In response, Lucas Engelhardt (2013) showcased the unrealistic time window required for socialist calculation to execute its computation process. As Engelhardt (2013) and his later adjusted model in Cwik and Engelhardt (2023, 325) pointed out, “Modern supercomputers are still not powerful enough to solve central planning’s computation problem.” Cottrell (2021), in his response to Engelhardt’s challenge, argued first, that there are multiple computing methods (rather than just Gaussian elimination) that are time-efficient to solve the planning problem; and second, that with the exponential growth of modern technology today, the planning problem’s difficulty is overstated. Although Paul Cwik and Engelhardt (2023, 343) adjusted their model to maintain their previous conclusion, they also stated that “fundamentally, the computation problem is, and has always been, a technological problem and therefore entertains technological solutions. We cannot immediately rule out the possibility that algorithms that are more computationally efficient will come along, but we also cannot immediately rule out improvements in processing speed—whether through the gradual improvements of supercomputers or through the introduction of entirely new technologies like quantum computers and the algorithms they enable.” By treating the computation problem as a technological, and thus practical, problem, Cwik and Engelhardt need to admit the possibility of machines and algorithms outcompeting the human mind in computational capability, however unlikely it might be.

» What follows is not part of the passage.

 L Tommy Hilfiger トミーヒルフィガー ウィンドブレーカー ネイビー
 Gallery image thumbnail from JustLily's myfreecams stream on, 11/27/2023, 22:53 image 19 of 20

That said, while this article seconds the practical/technological challenge proposed by Engelhardt (2013), we believe that the computability problem ought to be addressed as a theoretical problem. As we shall see, from a computation-theoretic point of view, the modern technosocialist proposal based on informational and algorithmic control did not and cannot overcome the computability problem that its predecessor, market socialism, faced in the past. The inevitable conclusion is that even if all necessary and relevant economic information could be collected and put on the table for the central planner aided with a supercomputing device, and even if all of it indeed served as the correct inputs, computation would still be impossible.
The Incompleteness of Technosocialism
As discussed previously, market socialism inevitably faced a computability problem. Unlike market socialism, technosocialism is believed by its proponents to be capable of overcoming the impossibility of computation. In this section we argue that this is not the case, echoing Boettke and Candela (2023, 45) that technosocialism just “[put] an old wine into an irrelevant new bottle” from a computation point of view. The essence of the problem is that the Church-Turing thesis, discussed previously, is the backbone of the modern technosocialist proposal (Cottrell, Cockshott, and Michaelson 2007). Our response is twofold: first, the economy is unlikely to be a computing machine; and second, even if the economy is indeed a computing device, it is a device superior to central planning. We maintain that the epistemological implications of Gödel’s incompleteness theorems serve as a sufficient refutation of the application of the Church-Turing thesis to physical systems. It is necessary to first address the implication of the Church-Turing thesis beyond its mathematical formulation.
The Church-Turing Thesis, Practical Implication
This article has shown in the first section that a problem is effectively computable if it could be computed by a Turing machine. However, there exists another type of computability: intuitive computability—that is, how people compute mathematical problems with mental processes. Turing (1937) conjectured that every function that is intuitively computable is effectively computable. To put it differently, for Turing, a human is essentially a living computer, hence the mental computational processes of a human can always be transformed into algorithms. Roger Penrose (1994, 20–21) explained that this is because Turing equated an algorithmic device with a physical device:
It is, however, probable that Turing himself had something further in mind: that the computational capabilities of any physical device must (in idealization) be equivalent to the action of a Turing machine. Such an assertion would go well beyond what Church seems originally to have intended. . . . It seems likely that he viewed physical action in general—which would include the action of a human brain—to be always reducible to some kind of Turing-machine action. Perhaps one should call this (physical) assertion “Turing’s thesis,” in order to distinguish it from the original (purely mathematical) assertion of “Church’s thesis.”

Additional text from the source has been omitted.